- WORK ORDER:
Only the lines from the one holding "Off the shoulder navy blue shirt" through the end of the records below are to be reproduced exactly, and pictures are to be omitted.

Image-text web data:
________________________________________

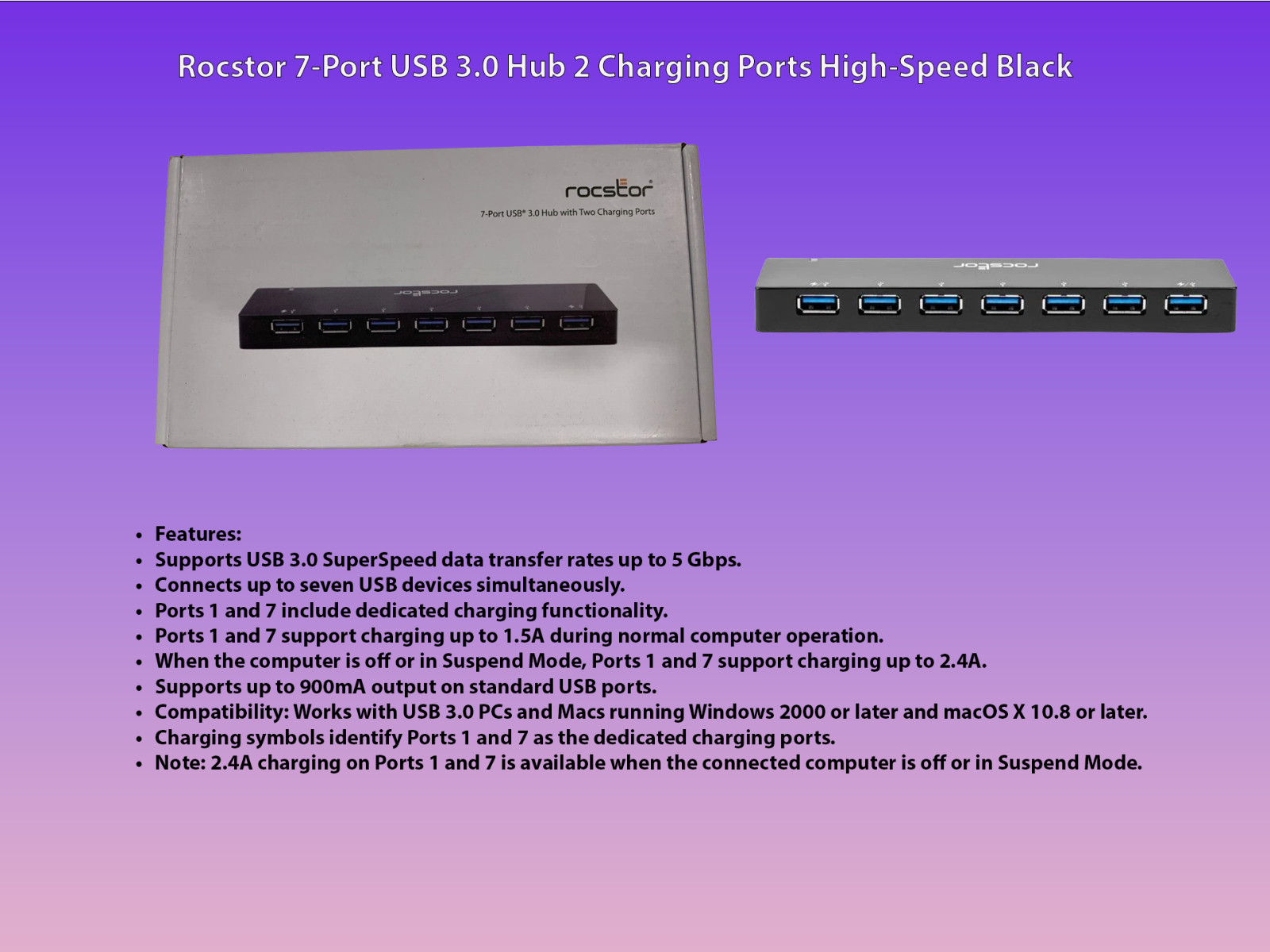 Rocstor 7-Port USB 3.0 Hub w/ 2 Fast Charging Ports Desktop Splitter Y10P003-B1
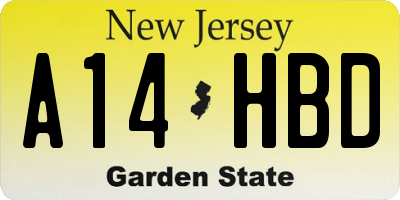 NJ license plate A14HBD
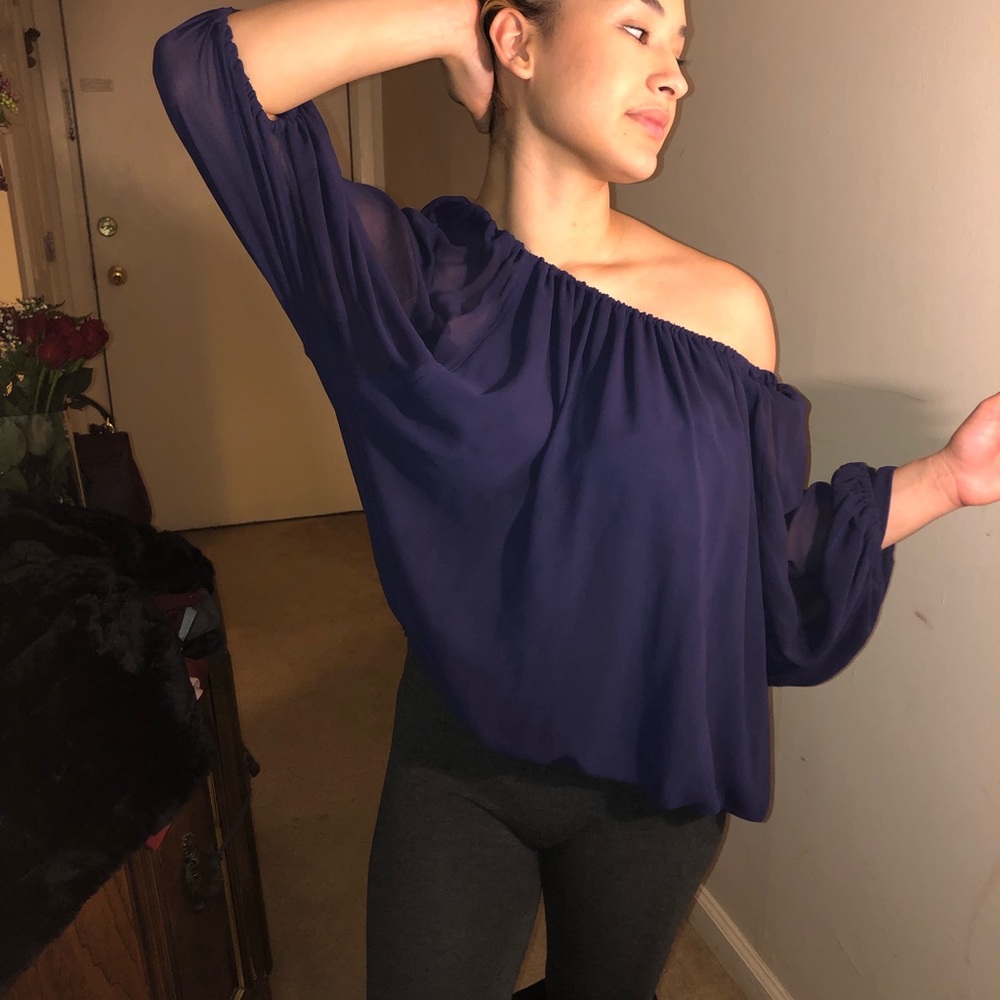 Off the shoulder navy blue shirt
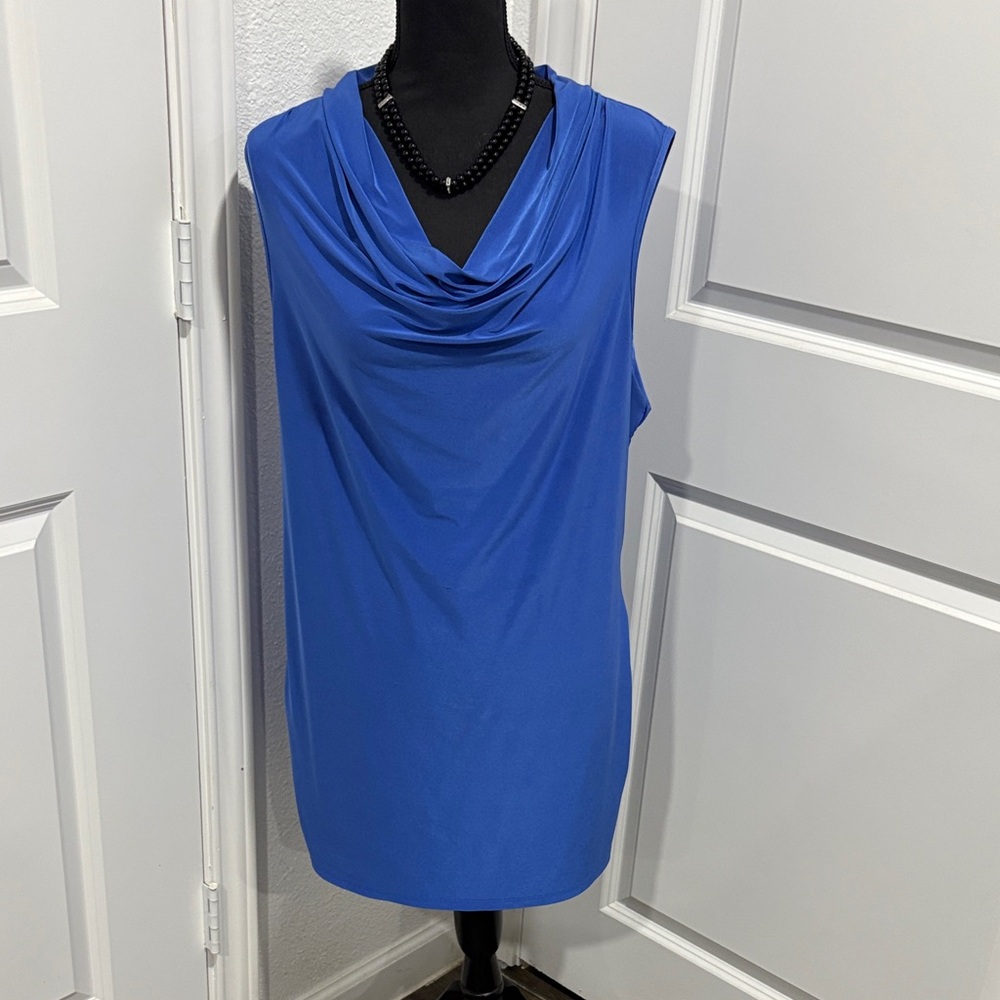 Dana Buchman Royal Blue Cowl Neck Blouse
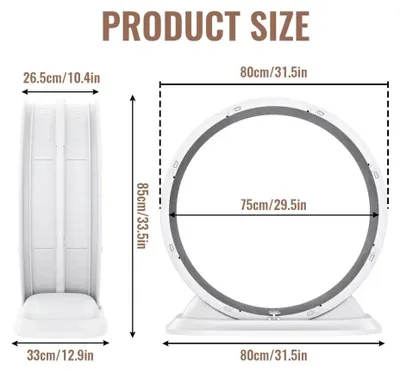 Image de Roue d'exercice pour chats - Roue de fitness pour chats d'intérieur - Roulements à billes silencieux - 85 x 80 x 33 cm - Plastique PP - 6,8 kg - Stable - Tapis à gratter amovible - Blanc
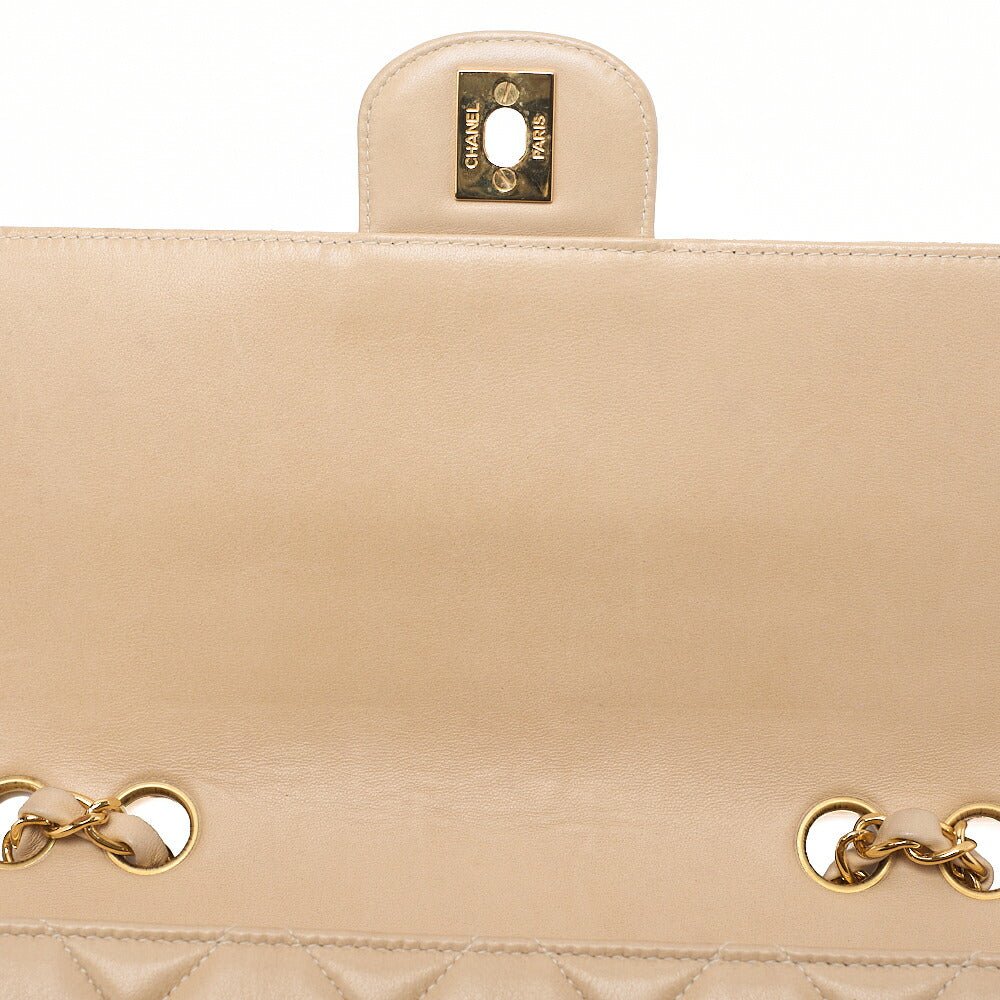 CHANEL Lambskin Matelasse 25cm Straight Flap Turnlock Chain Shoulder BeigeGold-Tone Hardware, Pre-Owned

________________________________________

- SOLUTION FOR THIS PROBLEM:
 Off the shoulder navy blue shirt
 Dana Buchman Royal Blue Cowl Neck Blouse
 Image de Roue d'exercice pour chats - Roue de fitness pour chats d'intérieur - Roulements à billes silencieux - 85 x 80 x 33 cm - Plastique PP - 6,8 kg - Stable - Tapis à gratter amovible - Blanc
 CHANEL Lambskin Matelasse 25cm Straight Flap Turnlock Chain Shoulder BeigeGold-Tone Hardware, Pre-Owned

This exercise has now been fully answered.